Long before the e-mail etiquette has been codified – no SHOUTING, e.g. – there would be some unpleasantness about the “tone” of a message. There was a real learning curve, with some hurt feelings.
One of the business advisers from one of our outreach centers came to visit us in the central office, c. 1997. Their office did not yet have e-mail; given how ubiquitous it is now, I know that’s hard to believe, but was nevertheless true. I sent some e-mail to a few people, including my colleague who was sitting at his desk perhaps three meters away. The adviser thought this was daft. “He’s right here! Why don’t you just tell him?”
***
I had a dream the night after the “forgotten” info was revealed to me, and it featured a song giving the days of the week:
It’s Sunday
Monday Tuesday
It’s Wednesday Thursday Friday
Saturday
I realized the tune was What You See Is What You Get by the Dramatics. Here’s the Soul Train rendition, which cuts off too soon, but is more fun to watch. I’m a sucker for the rolled tongue effect.

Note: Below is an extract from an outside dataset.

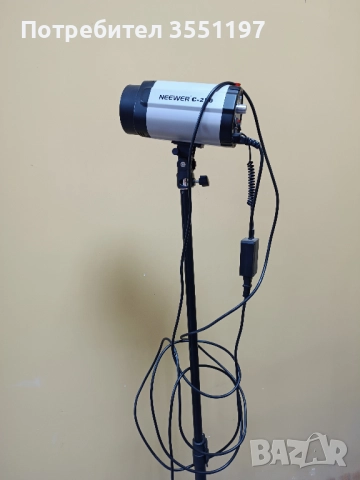 2 бр Комплекти студийно осветление оборудване - чадъри, лампи и стативи 210 см,предавател и приемник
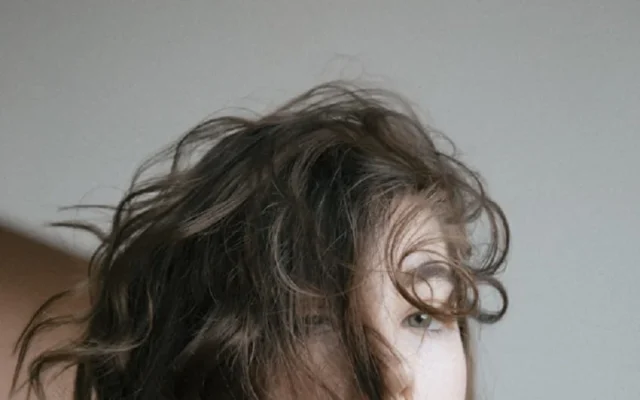 ojos y cabello alborotado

Not to be confused with WYSIWYG.
I don’t remember my first one ever, but some of my first were circa 1990, and were to a friend from undergrad days who had gone on to grad school in California.
Sadly, I eventually lost touch with her in all of our various moves…and also, in those days, over the summers, we didn’t always get access to e-mail because we weren’t involved in classes.
These e-mails were written on old Zenith computers – the school I was at had blue and gold as its colors, so they were set to have a blue screen with yellow type….
I started in 1986 with MCI Mail, a standalone service that charged 50 cents to reach anyone else on the network. (Needless to say, there was no spam.) Remarkably, you could reach anyone else not on the network if you had the snail-mail address: they would print it out on a laser printer and drop it in the mail for you. This was a buck and a half.
Roger, how can you possibly remember the text of your first email written over 20 years ago?!?! (I can’t remember the ones I wrote yesterday.)